Yves : Il est vrai qu'après la maquette démo qui
nous permet de tourner nous avons eu de très bons retours. De ce
fait, nous allons être obligé de faire un album.
Tu chantes toujours en anglais sur scène
Dominique ?
Dominique : La bonne question
.
Jusqu'à là je n'ai chanté qu'en anglais sur scène,
me demandant si je pourrai le faire en français, toujours à
cause de ce complexe " Blues en français ".

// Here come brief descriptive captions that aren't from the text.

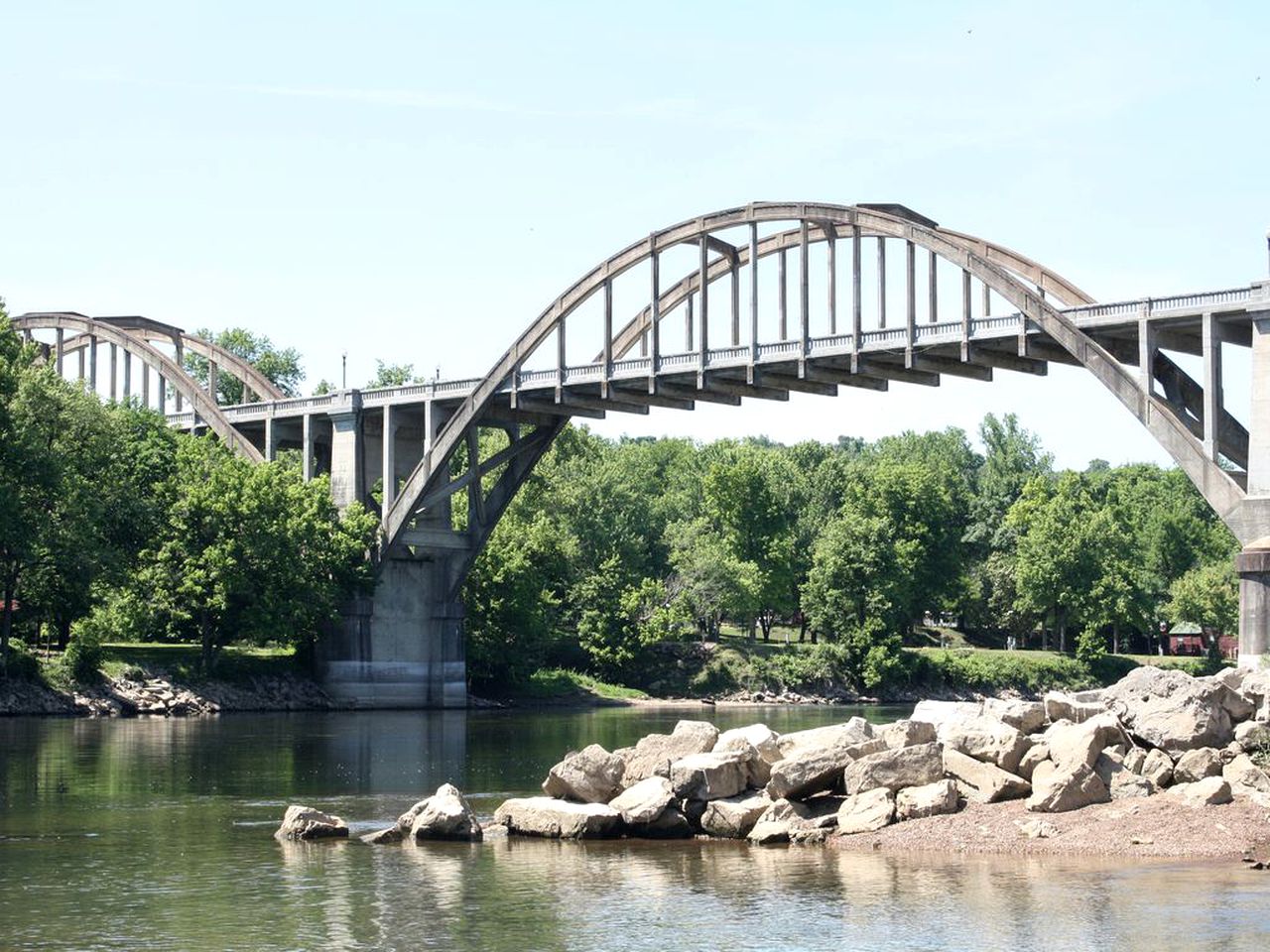 Gorgeous Rustic Log Cabin Rental with Fire Pit in Cotter, Arkansas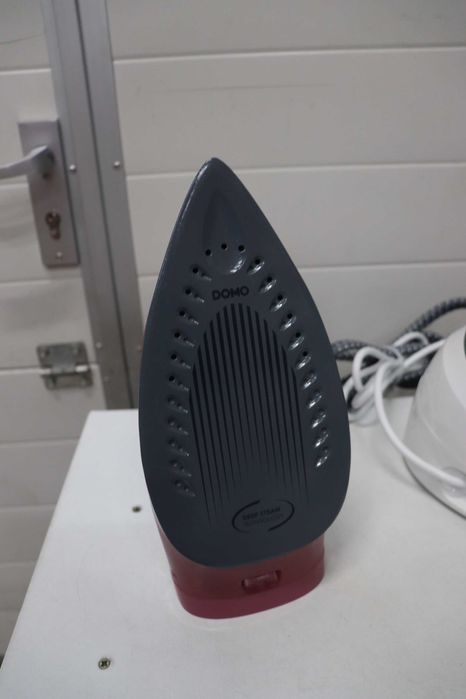 Станция за гладене Domo DO7114S, Керамична гладеща плоча, 2200 W
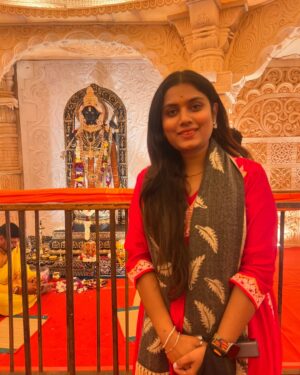 Naini Jain Instagram - पता नहीं किस रूप में आके नारायण मिल जाएगा 🙏🏾
Bas chalte raho jeevan me aage badhte raho 🌸

#shreeram #sprituality #motivation #blessedlife #grateful #pictureoftheday
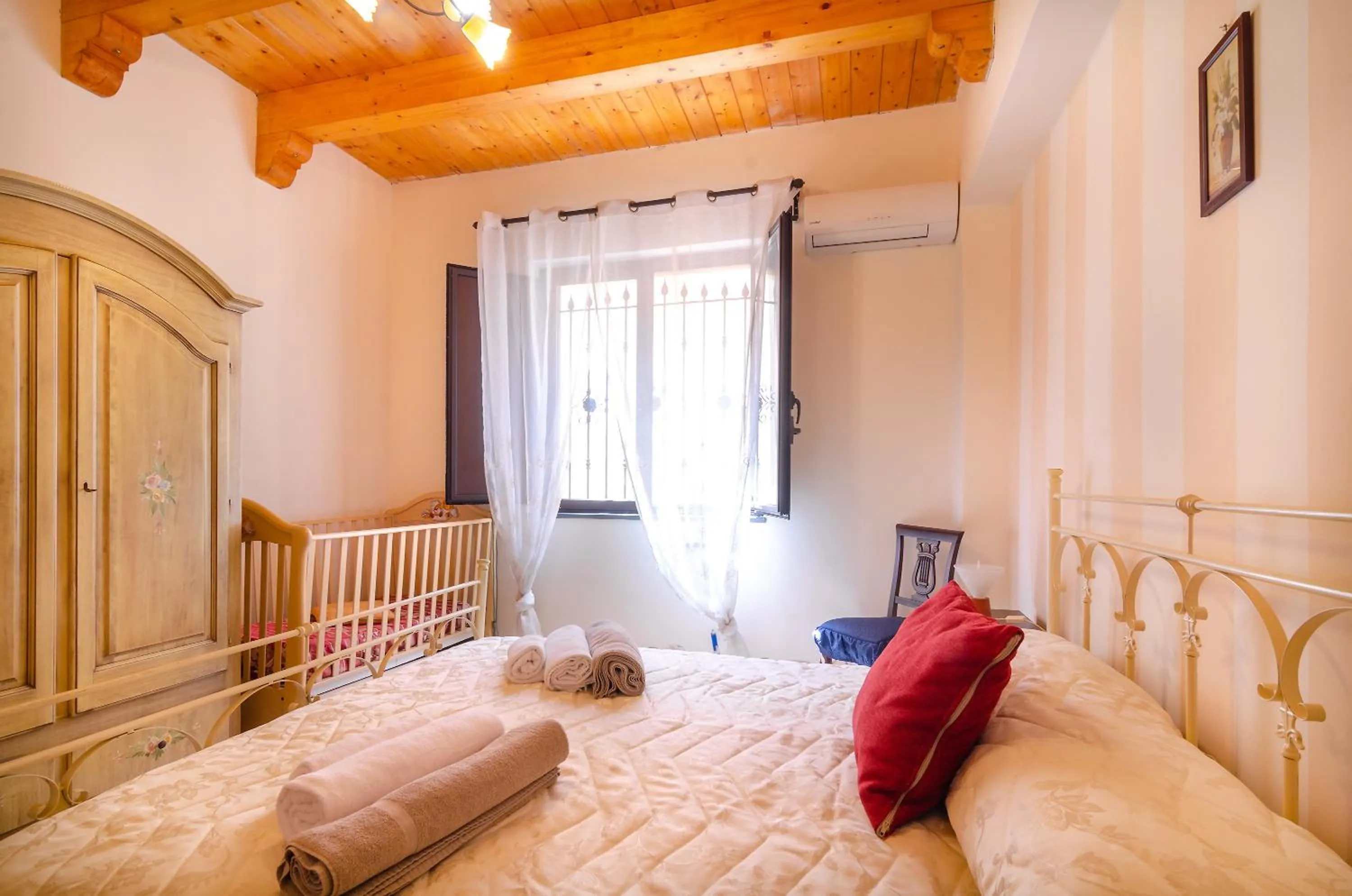 Bed in La Vecchia Torre - Villa panoramica in Collina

Néanmoins je constate qu'on me le demande de plus en plus. Je suis
actuellement en contact avec des paroliers dont Michel Jonasz qui lui
est le chantre du " Si ! Mais ça marche en français,
tu verras ! " (Rires). Nous nous connaissons depuis longtemps
donc nous allons travailler là-dessus.
Cependant, je tiens toujours aux reprises que nous faisons depuis les
débuts. Je ne peux pas ne pas les graver, j'ai trop envie de chanter
" Maybe " etc
.
En plus, ce sont des chansons que je n'ai pas envie de traduire - en dehors
peut être de quelques unes. Sinon, nous avons commencé à
écrire et nous vous offrirons un mélange des deux à
l'arrivée.
Yves : De toute façon, le blues est une musique où
il y a beaucoup de morceaux qui sont repris. Pour quelqu'un qui ne s'y
connaît pas trop en blues, le dernier album de reprise d'Eric Clapton,
par exemple, pourrait passer pour un disque de compositions originales.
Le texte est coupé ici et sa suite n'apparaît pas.